HTTP is called a stateless protocol because each command is executed independently, without any knowledge of the commands that came before it. This is the main reason that it is difficult to implement Web sites that react intelligently to user input. This shortcoming of HTTP is being addressed in a number of new technologies, including ActiveX, Java, JavaScript and cookies.

HTML : short for HyperText Markup Language, the authoring language used to create documents on the World Wide Web. HTML is similar to SGML, although it is not a strict subset.

HTML defines the structure and layout of a Web document by using a variety of tags and attributes. The correct structure for an HTML document starts with <HTML><HEAD>blog<BODY> and ends with </BODY></HTML>. All the information you’d like to include in your Web page fits in between the <BODY> and </BODY> tags.

There are hundreds of other tags used to format and layout the information in a Web page. Tags are also used to specify hypertext links. These allow Web developers to direct users to other Web pages with only a click of the mouse on either an image or word(s).

SSL : short for Secure Sockets Layer, a protocol developed by Netscape for transmitting private documents via the Internet. SSL uses a cryptographic system that uses two keys to encrypt data − a public key known to everyone and a private or secret key known only to the recipient of the message. Both Netscape Navigator and Internet Explorer support SSL, and many Web sites use the protocol to obtain confidential user information, such as credit card numbers. By convention, URLs that require an SSL connection start with https: instead of http:.

SMTP : Short for Simple Mail Transfer Protocol, a protocol for sending e-mail messages between servers. Most e-mail systems that send mail over the Internet use SMTP to send messages from one server to another; the messages can then be retrieved with an e-mail client using either POP or IMAP. In addition, SMTP is generally used to send messages from a mail client to a mail server. This is why you need to specify both the POP or IMAP server and the SMTP server when you configure your e-mail application.

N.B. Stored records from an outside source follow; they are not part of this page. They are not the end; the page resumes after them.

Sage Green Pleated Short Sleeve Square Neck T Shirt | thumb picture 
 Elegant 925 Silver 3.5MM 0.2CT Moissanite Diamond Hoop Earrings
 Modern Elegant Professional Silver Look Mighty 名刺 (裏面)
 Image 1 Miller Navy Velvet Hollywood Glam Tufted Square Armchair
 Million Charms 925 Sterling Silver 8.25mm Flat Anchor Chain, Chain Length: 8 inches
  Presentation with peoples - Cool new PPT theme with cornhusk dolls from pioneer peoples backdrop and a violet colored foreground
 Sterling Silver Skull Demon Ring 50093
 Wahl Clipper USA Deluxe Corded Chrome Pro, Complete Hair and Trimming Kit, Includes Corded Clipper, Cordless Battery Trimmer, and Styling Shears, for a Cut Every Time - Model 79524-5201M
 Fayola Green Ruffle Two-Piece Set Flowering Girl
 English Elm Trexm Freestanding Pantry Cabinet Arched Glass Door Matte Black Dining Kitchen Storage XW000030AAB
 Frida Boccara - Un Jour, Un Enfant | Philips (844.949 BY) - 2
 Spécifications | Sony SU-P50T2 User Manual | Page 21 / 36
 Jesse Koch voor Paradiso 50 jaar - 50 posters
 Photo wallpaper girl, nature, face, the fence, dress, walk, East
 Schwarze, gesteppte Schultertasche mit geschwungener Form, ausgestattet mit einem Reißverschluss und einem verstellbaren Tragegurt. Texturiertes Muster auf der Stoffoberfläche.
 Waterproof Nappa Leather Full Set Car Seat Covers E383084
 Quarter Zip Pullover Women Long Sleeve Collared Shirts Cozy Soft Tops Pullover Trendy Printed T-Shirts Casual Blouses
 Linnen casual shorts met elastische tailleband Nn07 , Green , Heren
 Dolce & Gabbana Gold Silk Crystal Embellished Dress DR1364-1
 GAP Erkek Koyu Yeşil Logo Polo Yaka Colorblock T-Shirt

POP : Short for Post Office Protocol, a protocol used to retrieve e-mail from a mail server. Most e-mail applications (sometimes called an e-mail client) use the POP protocol, although some can use the newer IMAP (Internet Message Access Protocol).

XML : Short for Extensible Markup Language, a specification developed by the W3C. XML is a pared-down version of SGML, designed especially for Web documents. It allows designers to create their own customized tags, enabling the definition, transmission, validation, and interpretation of data between applications

and between organizations.

Summarize the story of Brian Behlendorf and what was his significant contribution to the technology revolution (in the book)

Brian Behlendorf was born on March 30, 1973 in Pasadena. His parents worked at IBM. He went to a public school and graduated from Berkeley in 1991. He has always been into computers. He is a technologist, computer programmer, and an important figure in the open-source software movement. His first exposure to the open-source was in 1989 when a friend gave him a copy of a program he had downloaded onto a floppy disk, called ‘Fractint.’

He was a primary developer of the Apache Web server, the most popular web server software on the Internet, and a founding member of the Apache Group, which later became the Apache Software Foundation. Behlendorf served as President of the Foundation for three years. Behlendorf has served on the board of the Mozilla Foundation since 2003.

His Apache server played a key role in the expansion of the world wide web.